◆ **Exercise details**: Please transcribe every record below exactly as written.

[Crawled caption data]
* * * * * * *

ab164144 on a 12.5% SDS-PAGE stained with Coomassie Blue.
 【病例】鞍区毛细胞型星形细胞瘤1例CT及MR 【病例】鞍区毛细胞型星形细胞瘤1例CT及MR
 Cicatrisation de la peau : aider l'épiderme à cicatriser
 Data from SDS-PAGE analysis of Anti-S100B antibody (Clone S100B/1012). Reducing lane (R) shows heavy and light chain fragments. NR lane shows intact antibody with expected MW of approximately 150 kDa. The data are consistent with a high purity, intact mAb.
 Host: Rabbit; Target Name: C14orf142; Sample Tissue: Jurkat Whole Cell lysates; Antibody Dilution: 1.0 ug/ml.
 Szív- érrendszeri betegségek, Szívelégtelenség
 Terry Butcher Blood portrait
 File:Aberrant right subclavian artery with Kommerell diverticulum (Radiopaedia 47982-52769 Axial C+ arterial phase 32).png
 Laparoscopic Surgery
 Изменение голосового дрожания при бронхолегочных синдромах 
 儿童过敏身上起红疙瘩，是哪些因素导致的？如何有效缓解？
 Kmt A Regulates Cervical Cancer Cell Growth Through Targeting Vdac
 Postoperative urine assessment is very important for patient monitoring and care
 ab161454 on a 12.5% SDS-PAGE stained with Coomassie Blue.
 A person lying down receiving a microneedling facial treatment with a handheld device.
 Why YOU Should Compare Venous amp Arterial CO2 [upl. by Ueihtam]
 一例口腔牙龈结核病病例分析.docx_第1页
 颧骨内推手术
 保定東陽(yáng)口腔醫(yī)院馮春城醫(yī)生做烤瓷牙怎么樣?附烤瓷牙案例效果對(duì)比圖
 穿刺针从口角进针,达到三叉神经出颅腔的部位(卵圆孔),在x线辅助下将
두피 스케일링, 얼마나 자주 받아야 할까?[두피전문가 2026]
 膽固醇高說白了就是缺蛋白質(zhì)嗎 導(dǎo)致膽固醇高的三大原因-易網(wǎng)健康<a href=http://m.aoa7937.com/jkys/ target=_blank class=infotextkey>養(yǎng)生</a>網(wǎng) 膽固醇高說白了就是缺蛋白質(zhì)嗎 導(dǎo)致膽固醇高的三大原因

* * * * * * *

◆ **Response box**:
ab164144 on a 12.5% SDS-PAGE stained with Coomassie Blue.
 【病例】鞍区毛细胞型星形细胞瘤1例CT及MR 【病例】鞍区毛细胞型星形细胞瘤1例CT及MR
 Cicatrisation de la peau : aider l'épiderme à cicatriser
 Data from SDS-PAGE analysis of Anti-S100B antibody (Clone S100B/1012). Reducing lane (R) shows heavy and light chain fragments. NR lane shows intact antibody with expected MW of approximately 150 kDa. The data are consistent with a high purity, intact mAb.
 Host: Rabbit; Target Name: C14orf142; Sample Tissue: Jurkat Whole Cell lysates; Antibody Dilution: 1.0 ug/ml.
 Szív- érrendszeri betegségek, Szívelégtelenség
 Terry Butcher Blood portrait
 File:Aberrant right subclavian artery with Kommerell diverticulum (Radiopaedia 47982-52769 Axial C+ arterial phase 32).png
 Laparoscopic Surgery
 Изменение голосового дрожания при бронхолегочных синдромах 
 儿童过敏身上起红疙瘩，是哪些因素导致的？如何有效缓解？
 Kmt A Regulates Cervical Cancer Cell Growth Through Targeting Vdac
 Postoperative urine assessment is very important for patient monitoring and care
 ab161454 on a 12.5% SDS-PAGE stained with Coomassie Blue.
 A person lying down receiving a microneedling facial treatment with a handheld device.
 Why YOU Should Compare Venous amp Arterial CO2 [upl. by Ueihtam]
 一例口腔牙龈结核病病例分析.docx_第1页
 颧骨内推手术
 保定東陽(yáng)口腔醫(yī)院馮春城醫(yī)生做烤瓷牙怎么樣?附烤瓷牙案例效果對(duì)比圖
 穿刺针从口角进针,达到三叉神经出颅腔的部位(卵圆孔),在x线辅助下将
두피 스케일링, 얼마나 자주 받아야 할까?[두피전문가 2026]
 膽固醇高說白了就是缺蛋白質(zhì)嗎 導(dǎo)致膽固醇高的三大原因-易網(wǎng)健康<a href=http://m.aoa7937.com/jkys/ target=_blank class=infotextkey>養(yǎng)生</a>網(wǎng) 膽固醇高說白了就是缺蛋白質(zhì)嗎 導(dǎo)致膽固醇高的三大原因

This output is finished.